**WORK TO BE COMPLETED**
Please copy each line of the listing below in which the word "Blue" appears.

* * * * *

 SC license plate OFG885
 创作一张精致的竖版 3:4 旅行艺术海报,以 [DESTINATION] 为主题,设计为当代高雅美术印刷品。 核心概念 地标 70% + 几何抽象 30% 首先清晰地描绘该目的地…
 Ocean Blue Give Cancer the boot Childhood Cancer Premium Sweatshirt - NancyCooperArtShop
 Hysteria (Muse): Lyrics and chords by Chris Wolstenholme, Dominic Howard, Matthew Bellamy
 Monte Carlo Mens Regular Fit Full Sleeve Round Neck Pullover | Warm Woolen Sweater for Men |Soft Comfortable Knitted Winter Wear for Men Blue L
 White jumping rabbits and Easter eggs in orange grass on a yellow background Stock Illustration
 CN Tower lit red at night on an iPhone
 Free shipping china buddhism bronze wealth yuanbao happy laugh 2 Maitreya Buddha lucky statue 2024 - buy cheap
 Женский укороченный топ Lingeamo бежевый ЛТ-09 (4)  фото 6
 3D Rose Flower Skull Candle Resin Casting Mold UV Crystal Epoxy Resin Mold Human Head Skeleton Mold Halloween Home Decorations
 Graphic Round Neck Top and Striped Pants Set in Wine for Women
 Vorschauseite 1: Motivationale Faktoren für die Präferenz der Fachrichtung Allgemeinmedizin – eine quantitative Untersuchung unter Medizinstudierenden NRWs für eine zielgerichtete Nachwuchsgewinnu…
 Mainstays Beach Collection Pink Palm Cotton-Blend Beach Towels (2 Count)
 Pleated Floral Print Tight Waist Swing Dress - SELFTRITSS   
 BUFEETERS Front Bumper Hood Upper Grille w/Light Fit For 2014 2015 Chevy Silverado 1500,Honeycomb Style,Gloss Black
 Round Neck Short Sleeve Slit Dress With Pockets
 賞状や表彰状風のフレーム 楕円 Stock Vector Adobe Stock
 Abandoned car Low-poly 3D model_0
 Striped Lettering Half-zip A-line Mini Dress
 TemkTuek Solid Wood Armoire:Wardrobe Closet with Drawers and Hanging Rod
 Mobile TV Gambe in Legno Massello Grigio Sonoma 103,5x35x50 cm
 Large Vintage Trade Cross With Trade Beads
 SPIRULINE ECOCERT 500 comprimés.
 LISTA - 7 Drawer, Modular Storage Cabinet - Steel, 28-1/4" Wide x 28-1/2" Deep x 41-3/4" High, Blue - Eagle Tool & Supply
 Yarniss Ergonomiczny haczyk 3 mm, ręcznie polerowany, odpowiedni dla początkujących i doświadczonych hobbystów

* * * * *

**EXERCISE SOLUTION**
 Ocean Blue Give Cancer the boot Childhood Cancer Premium Sweatshirt - NancyCooperArtShop
 Monte Carlo Mens Regular Fit Full Sleeve Round Neck Pullover | Warm Woolen Sweater for Men |Soft Comfortable Knitted Winter Wear for Men Blue L
 LISTA - 7 Drawer, Modular Storage Cabinet - Steel, 28-1/4" Wide x 28-1/2" Deep x 41-3/4" High, Blue - Eagle Tool & Supply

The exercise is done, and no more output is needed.